I think Chris’s main point (aside from his personal orders to me) was that there needs to be a large movement amongst white people to go after and disrupt the infrastructure that‘s built and maintained by all of us white people to benefit all of us white people. WE are the problem, and we have to fix it. Yes, I know, nearly 60% of us voted for Trump — twice!

So for the nearly 40% of us who didn’t vote for Trump, how about we spend Black History Month ditching our liberal platitudes and MLK half-quotes. Instead, let’s spend the month (and the rest of the year) ending white privilege by changing the rules, the traditions and the laws, and truly committing ourselves to living in a different and better world. Radical empathy is necessary for us to be real changemakers. Less talk about wishing for Obama to return and more action by each of us to integrate each of our neighborhoods, make every school in our districts equally brilliant, make a true living wage the law in all of our cities and states, and each of us demanding those who participate in all-white coups receive the necessary restraints to protect the rest of us. 
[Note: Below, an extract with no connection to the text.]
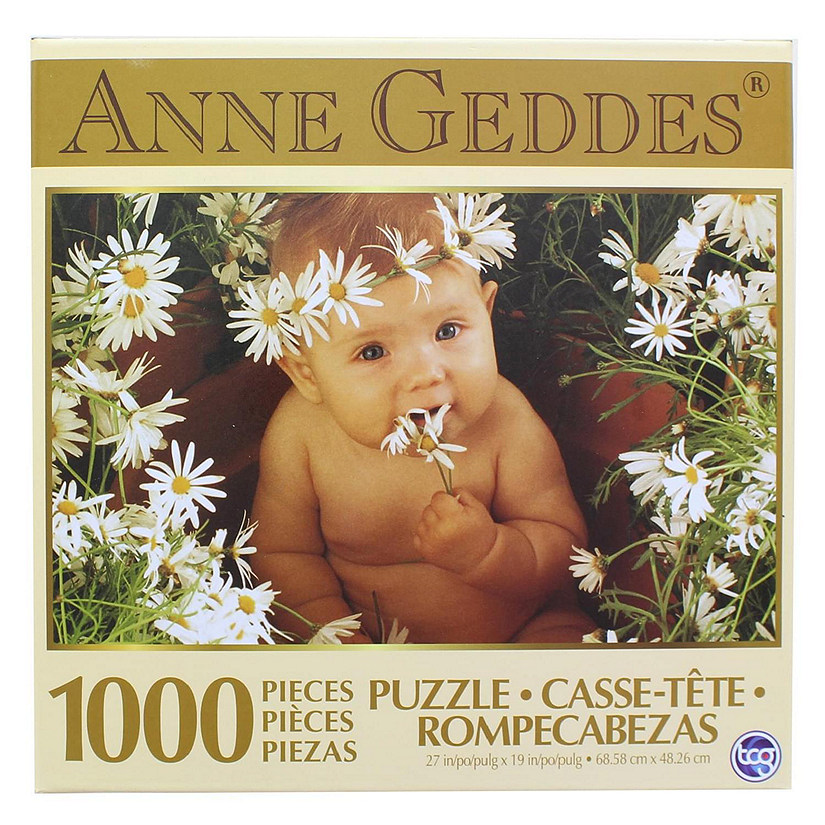 Anne Gedes Daisies 1000 Piece Jigsaw Puzzle Image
Give a listen to “White Privilege II.” Each time I hear this piece by Macklemore, Lewis and Woods, I hear something new. This is what good art does. Don’t judge his white-think, just listen. Then, if you’re white, make a list of what you can do — not for Black people, but what you can do about yourself and where you live, work or go to school. C’mon, we all quietly know how the game is rigged, we know where the keys are kept, we know where the not-so-invisible “Whites Only” signs are placed. We also know where the money is, who has it, where it’s hidden, and — wait! — why the average white worker now has less and less and less. Exactly. You know what’s going on here. And Black Americans know you know.

So the only way to stop it is with your brothers and sisters of color. The 40% of us white voters who are progressive, along with the 35%+ of the electorate that is Black, Hispanic, Arab and/or Muslim, Indigenous or Asian. When white billionaires and banks, white CEOs and Supremacists, see us locking arms and sharing a table and a polling place together — well, watch out.